Re: doubt related to 'new' in MFC

 Mishra <>
Thu, 05 Jul 2007 02:13:44 -0700
On Jul 5, 10:39 am, "Doug Harrison [MVP]" <> wrote:

On Wed, 04 Jul 2007 22:23:47 -0700, Mishra <> wrote:

Hi All,

I have one doubt about garbage collection in MFC.

Allow me to allay all your doubts. There is no garbage collection in native
C++ programs, which is normally what someone is talking about when he uses
the term "MFC" in this way.

If we function like

Void Fun()
Int *var = new int;


Will MFC delete memory allocated in Fun() by new operator after
closing the application?

The OS will reclaim all memory and other resources such as file handles
when the application terminates. This is not "garbage collection", though.
Garbage collection is what the .NET CLR does to reclaim objects that are no
longer referenced. In C++, we have destructors, which allow objects to
clean up after themselves. For example, I might write your function like

void fun()
   std::auto_ptr<int> i(new int);


By holding the dynamically allocated int in an auto_ptr, I am assured that
it will be deleted when the auto_ptr i goes out of scope, whether it be
through a return statement, falling off the end of the function, or by
throwing an exception. This is better than garbage collection, because it
happens at a well-defined time, which means resources such as file handles
are released as soon as you're finished with them. This is worse than
garbage collection, because it happens at a well-defined time, which means
performance can suffer if it wouldn't have hurt to postpone reclaiming the
resources.
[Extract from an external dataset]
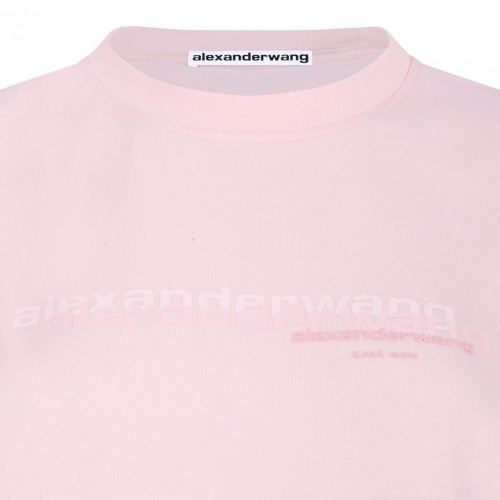 Light Pink Logo-Print Cotton T-Shirt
It requires more care than garbage collection, because you have
to use classes such as auto_ptr to store your dynamically allocated int. It
requires less care than garbage collection, because you don't have to worry
about "disposal" vs. "finalization", which aren't separate concepts in C++.

Doug Harrison
Visual C++ MVP

Thanks for your reply.

I agreed that mine case is not the garbage collection.

 >Void Fun()
 >Int *var = new int;


Will OS reclaim for memory and release it completely after closing the

should programmer bother about releasing memory?